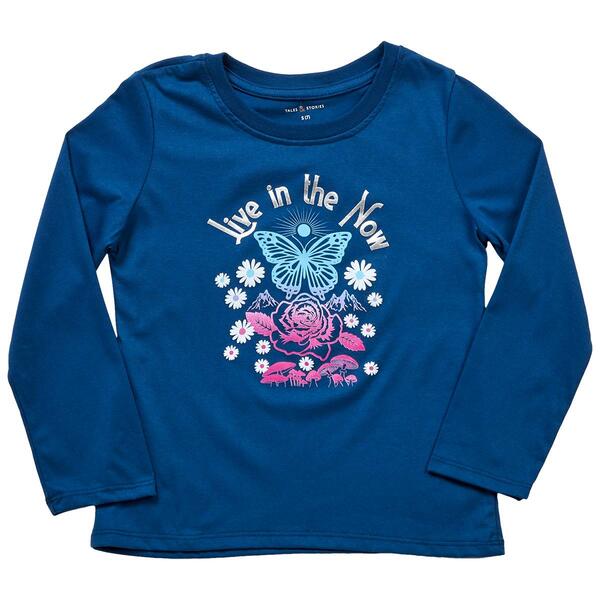 Girls &#40;7-16&#41; Tales & Stories Live in the Now Butterfly Screen Tee - image 
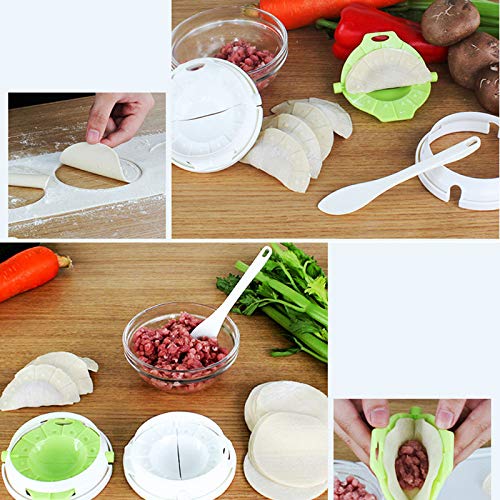 Dumpling Maker, 3 en 1 Kit de moldes para Dumpling, Prensa para ravioles Dough Pastry Pie Dumpling Maker Gyoza Molde Herramienta para moldes, Fácil y ecológico Molde Dumpling, Utensilios de cocina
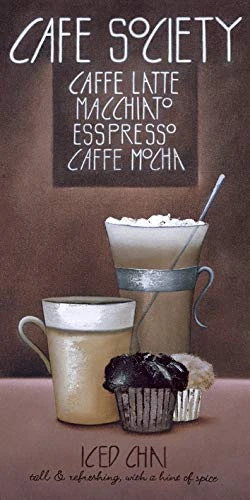 The Art Group Mandy Pritty (CafÃ Society) -Canvas Print 50 X 100cm, Wood, Multi-Colour, 50 x 100 x 1.3 cm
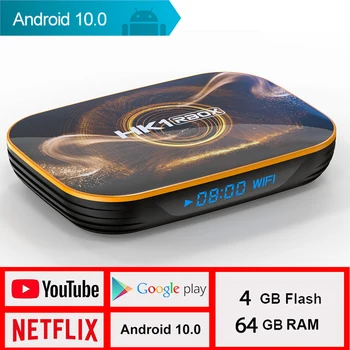 

2020 New Model TV Box Android 10 HK1R1 Android TV Box Netflix Youtube HDR 4K Google Voice Assistant Smart TV Box RAM 4G ROM 128G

Aim of the task - Drop the images and copy all the data exactly.

Answer box -
 Girls &#40;7-16&#41; Tales & Stories Live in the Now Butterfly Screen Tee - image 
 Dumpling Maker, 3 en 1 Kit de moldes para Dumpling, Prensa para ravioles Dough Pastry Pie Dumpling Maker Gyoza Molde Herramienta para moldes, Fácil y ecológico Molde Dumpling, Utensilios de cocina
 The Art Group Mandy Pritty (CafÃ Society) -Canvas Print 50 X 100cm, Wood, Multi-Colour, 50 x 100 x 1.3 cm

2020 New Model TV Box Android 10 HK1R1 Android TV Box Netflix Youtube HDR 4K Google Voice Assistant Smart TV Box RAM 4G ROM 128G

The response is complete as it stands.